Wharton@Work

August 2013 | 

Where Research, Best Practices, and Real-World, Real-Time Know-How Meet

research-and-know-how

Wharton@Work met with Wharton marketing professor George Day to talk about his new book, Innovation Prowess: Leadership Strategies for Accelerating Growth (Wharton Digital Press, 2013), and what he has learned from some of the world’s most innovative companies. As faculty director of Innovation for Growth: Strategies for Creating Value, he shares those insights with executives twice each year on the Wharton campus.

Wharton@Work: Organic growth is a top priority for most companies, but most of them struggle with it. You have been studying growth achievers and what you call growth laggards for over 25 years. What have you discovered? Why is growth so hard to achieve?

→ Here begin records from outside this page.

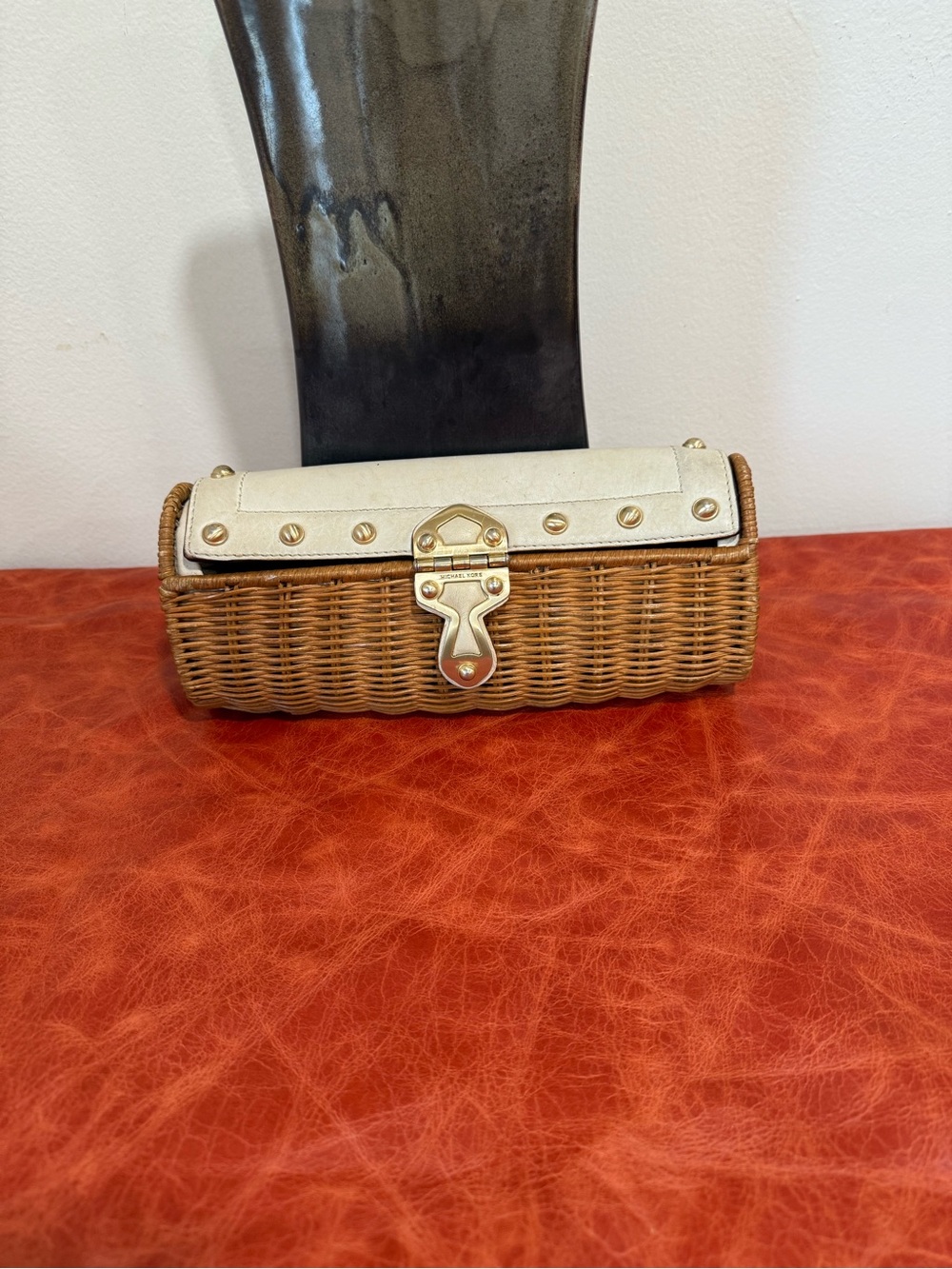 Vintage Michael Kors Woven Mini Basket Bag with Cream Trim and Gold Hardware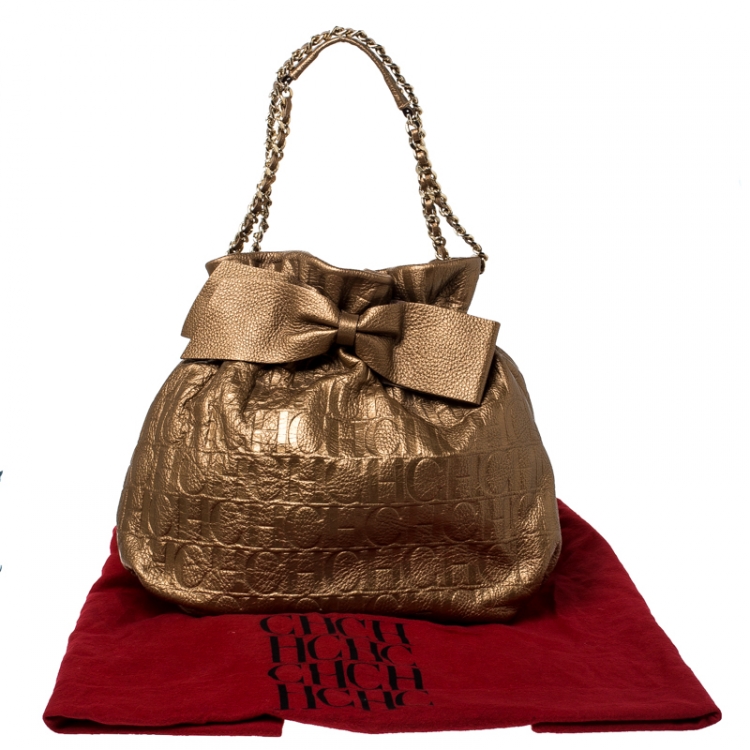 Pre Owned Carolina Herrera Gold Embossed Leather Bow Bucket Shoulder Bag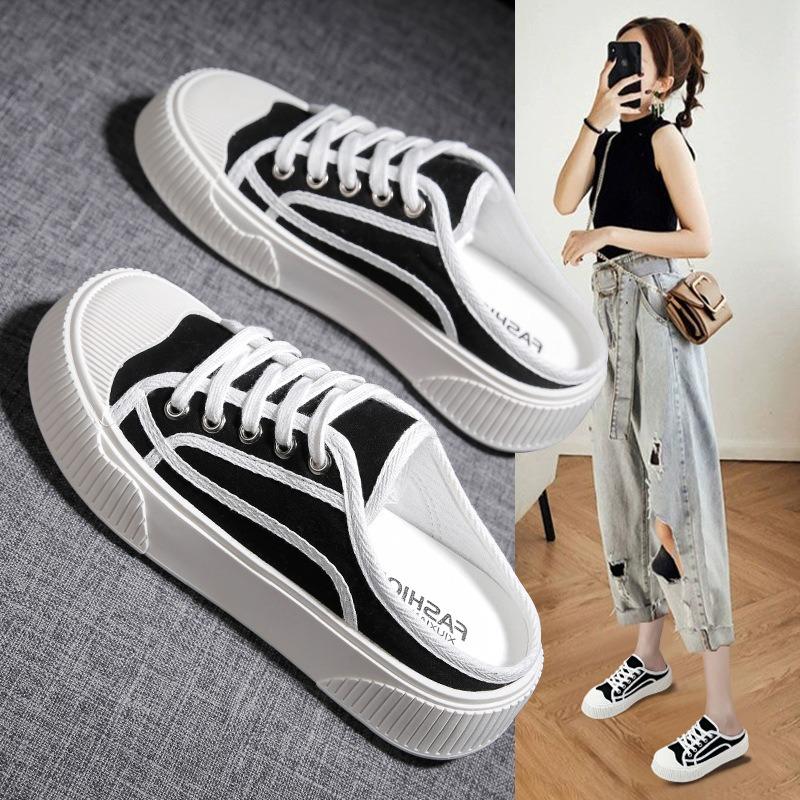 Baotou flat-soled slippers women's spring, summer and autumn canvas shoes soft-soled half slippers casual sports board shoes women's outer wear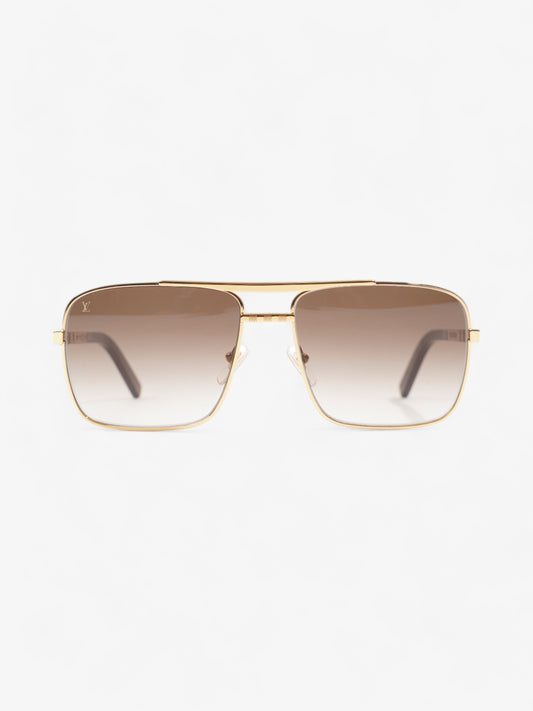 Louis Vuitton Attitude Sunglasses Gold / Brown Base Metal 140mm
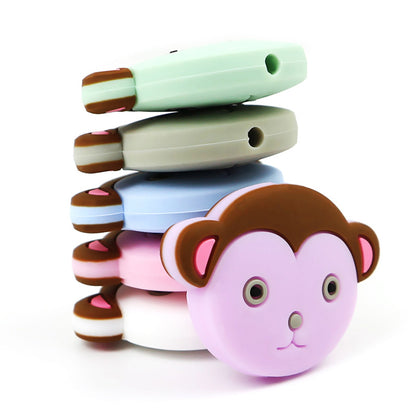 Silicone Focal Beads Monkey Face Rounded Ears 20pcs 2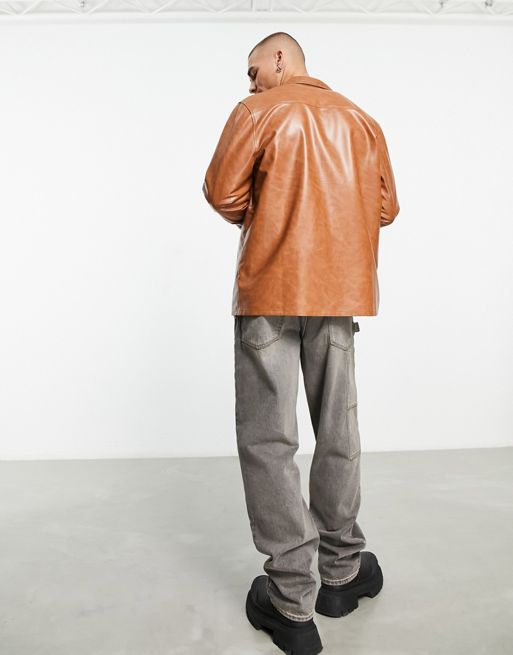 ASOS DESIGN oversized leather look shirt in brown with vintage ...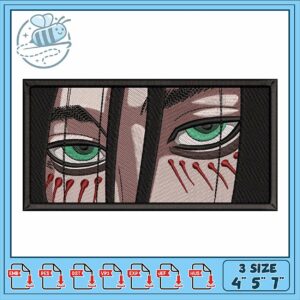 Intricate Embroidery Design of Intense Eyes Art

George Day: Innovation, and in particular the notion of organic growth, is at the top of the CEO agenda in 4 out of 5 public companies. What I have seen is that many of them set very high goals for growth without having a realistic strategy for achieving it. Those who make it work have what I call in my new book an “Innovation Prowess” that combines discipline in growth-seeking activities with an organizational ability to innovate. The companies that continue to grow organically have the capabilities, the culture, and the right structures in place. But you can have those abilities without a process for finding the right kinds of growth opportunities — that is where discipline comes in. You need discipline and ability to continuously drive growth.

W@W: Are you teaching both in Innovation for Growth: Strategies for Creating Value?

GD: Yes — the book grew out of the program which has been running for the past six years. We have faculty who are doing the cutting-edge research, who understand best practices, and who are consulting and working with some of the most innovative companies. But also in the classroom are highly experienced executives from companies like Intel, Nike, and Verizon. As they share what has worked and what hasn’t, it brings even more real-world challenges to light. It has been a very dynamic learning environment for the faculty and the participants.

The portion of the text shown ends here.